[PATCH] Ordinary name lookup for class and enum names in C++

The patch introduces support for ordinary name lookup of class and
enum names in C++. For example:

  class C { };
  C c;

Incidentally, it also introduces support for declaring classes with
"class" in C++, but that's rather trite.

Interesting bits in this patch:
  - Sema::ActOnTag: In C++, we introduce an implicit typedef into the
same scope as the tag type. This allows the name of a class or enum to
be found via ordinary name lookup. Note that we don't introduce this
implicit typedef if there is already a declaration with that name,
because the existing declaration takes precedence, e.g.,
      int D(int);
      class D { };
      // ordinary name lookup of "D" finds the function. Use "class D"
to get to the class.

  - Sema::ActOnDeclarator: Introducing a declaration for something
that has the same name as a class is okay; the new declaration hides
the class name. For example:
      class D { };
      int D(int);
      // ordinary name lookup of "D" finds the function. Use "class D"
to get to the class.
    To deal with this, we just go ahead and delete the implicit
typedef when a new declaration comes in.

I briefly considered eliminating the notion of the implicit typedef,
and instead modifying name lookup to look into both places in C++...
but this approach is cleaner.

  - Doug

clang-class-names.patch (13.2 KB)

The patch introduces support for ordinary name lookup of class and
enum names in C++. For example:

class C { };
C c;

Incidentally, it also introduces support for declaring classes with
"class" in C++, but that's rather trite.

Great!

I briefly considered eliminating the notion of the implicit typedef,
and instead modifying name lookup to look into both places in C++...
but this approach is cleaner.

Lets talk about this a bit.
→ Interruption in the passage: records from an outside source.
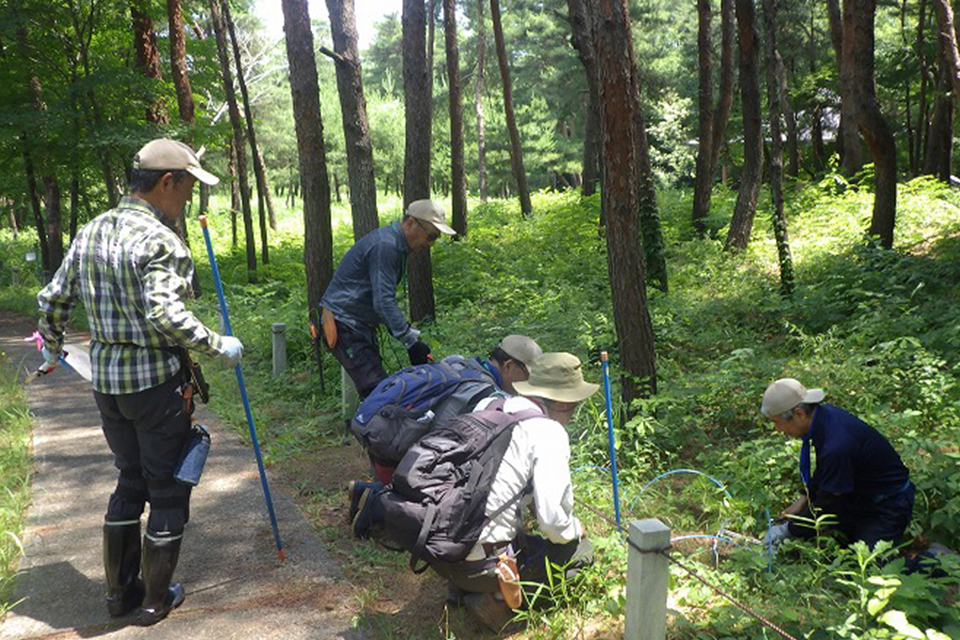 里山パートナーR8_04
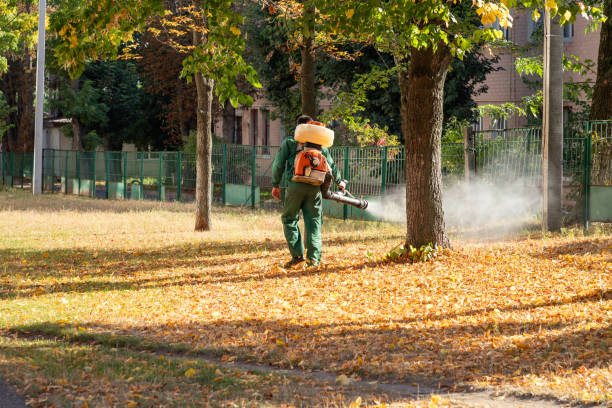 Best Pest Control for Restaurants  in Kent Estates, IA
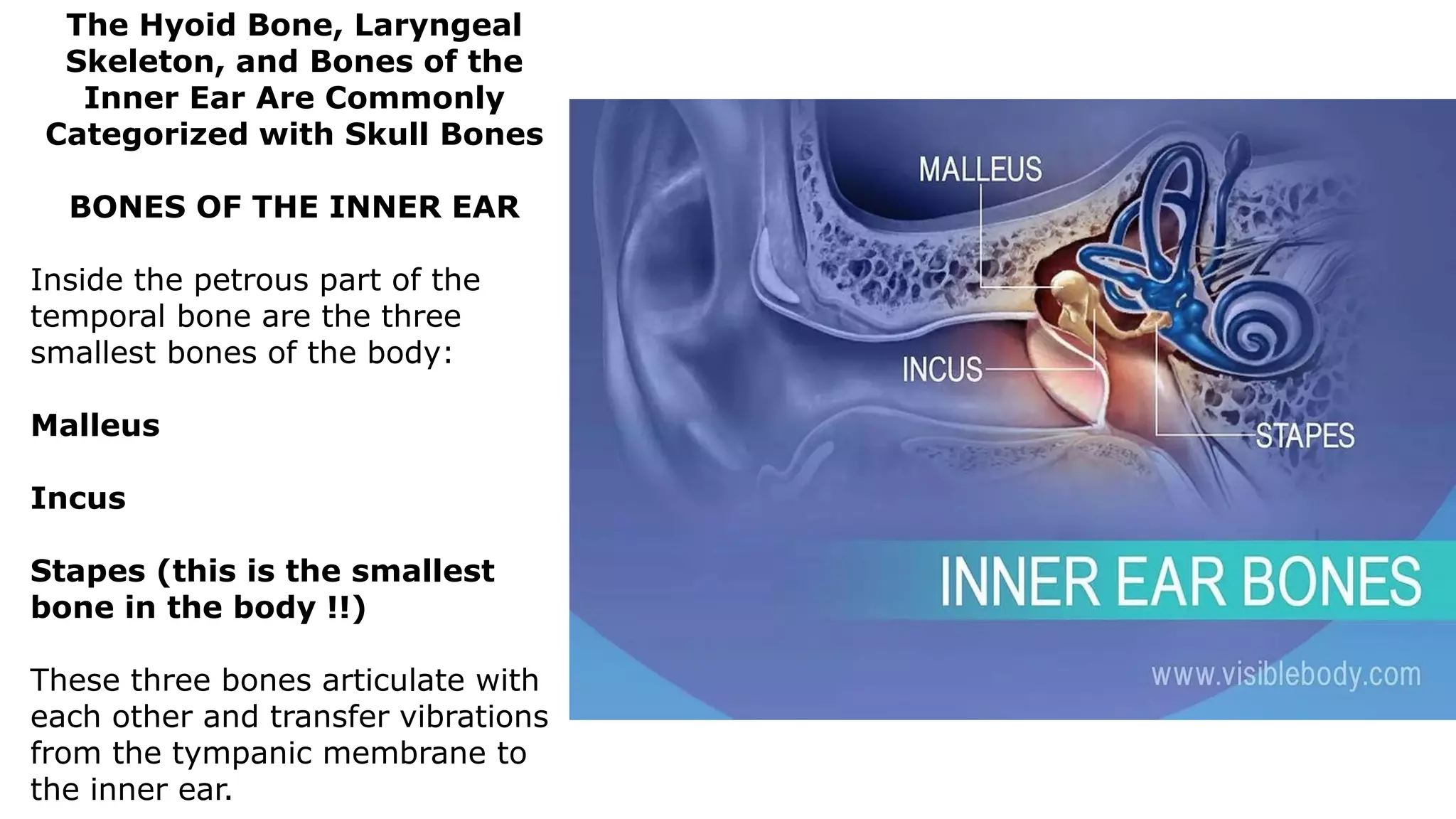 The Hyoid Bone, Laryngeal
Skeleton, and Bones of the
Inner Ear Are Commonly
Categorized with Skull Bones
BONES OF THE INNER EAR
Inside the petrous part of the
temporal bone are the three
smallest bones of the body:
Malleus
Incus
Stapes (this is the smallest
bone in the body !!)
These three bones articulate with
each other and transfer vibrations
from the tympanic membrane to
the inner ear.
 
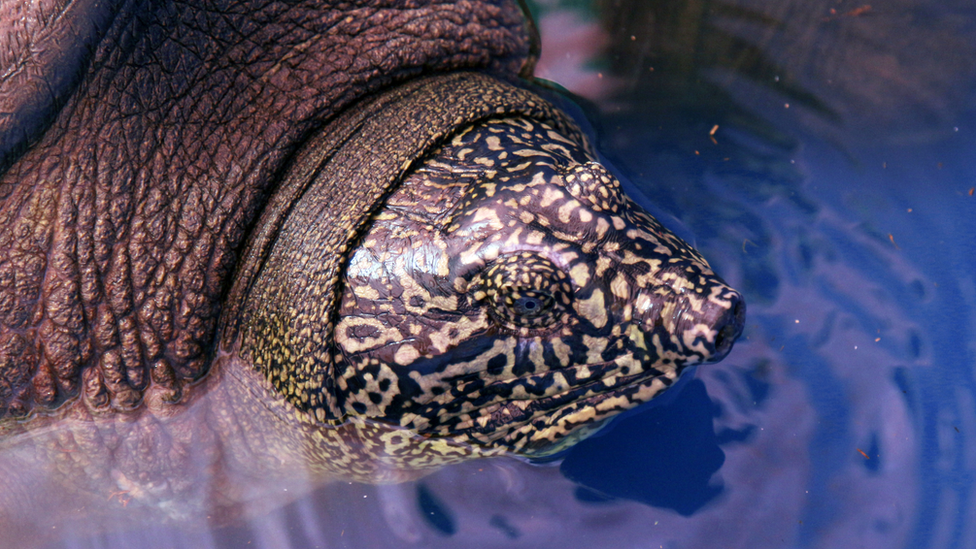 Swinhoe's-softshell-turtles.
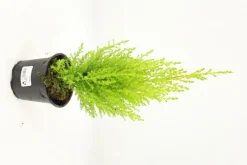 Fleuron D'anjou - Goldcrest pot 10,5 cm Clearance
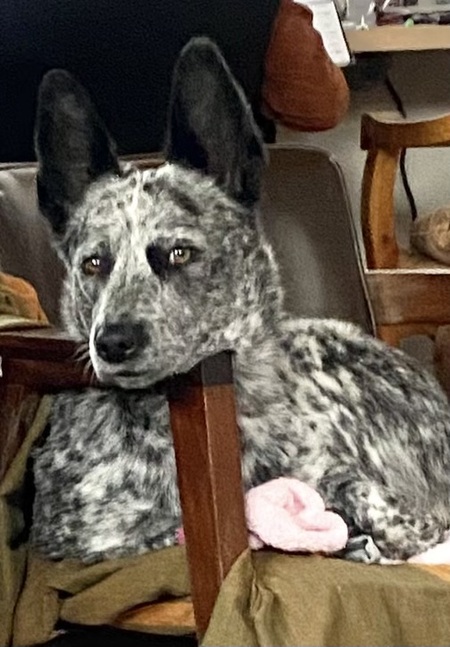 Mae Belle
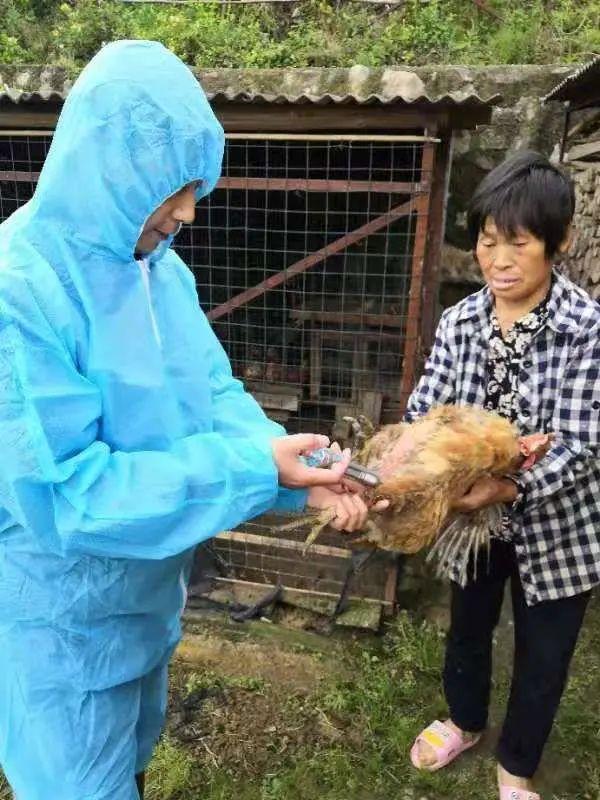 湖北防汛最新動態(tài),科技引領(lǐng)新紀(jì)元,智能防汛之旅啟程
I always assumed that we would modify the name lookup machinery to handle this instead of adding a typedef... however I admit that I haven't fully thought through the implications and so I may not see all the problems with this approach.

It seems that it would be possible to handle this by making the scope lookup take a bitmask of different namespaces to search. When looking up 'class foo' only the tag namespace would be searched, but when looking up 'foo' in C++, both the tag and normal namespace would be searched.

I'm sure there are more details to it than this, but avoiding creation of a dummy typedef decl for every struct/class/union is a pretty big win. What drawbacks do you see?

-Chris

> I briefly considered eliminating the notion of the implicit typedef,
> and instead modifying name lookup to look into both places in C++...
> but this approach is cleaner.
>

Lets talk about this a bit. I always assumed that we would modify the name
lookup machinery to handle this instead of adding a typedef... however I
admit that I haven't fully thought through the implications and so I may not
see all the problems with this approach.

It seems that it would be possible to handle this by making the scope
lookup take a bitmask of different namespaces to search. When looking up
'class foo' only the tag namespace would be searched, but when looking up
'foo' in C++, both the tag and normal namespace would be searched.

Yeah, that's the first implementation that came to mind, but I didn't
think it would pan out...

I'm sure there are more details to it than this, but avoiding creation of a
dummy typedef decl for every struct/class/union is a pretty big win. What
drawbacks do you see?

When I started coding it that way, I found that it broke an invariant
that I really like. When we lookup what an identifier means, and we
find out that it is a type (e.g., with isTypeName), we always get a
typedef in C and C++. (In Objective C, we can get a ObjCInterfaceDecl,
although I'd rather get a TypedefDecl that refers to that
ObjCInterfaceDecl, so this is a real invariant). That's handy: it
means that we can use ASTContext::getTypedefType to get at the actual
type easily, rather than dealing with TypedefDecls, RecordDecls,
EnumDecls, and ObjCInterfaceDecls separately.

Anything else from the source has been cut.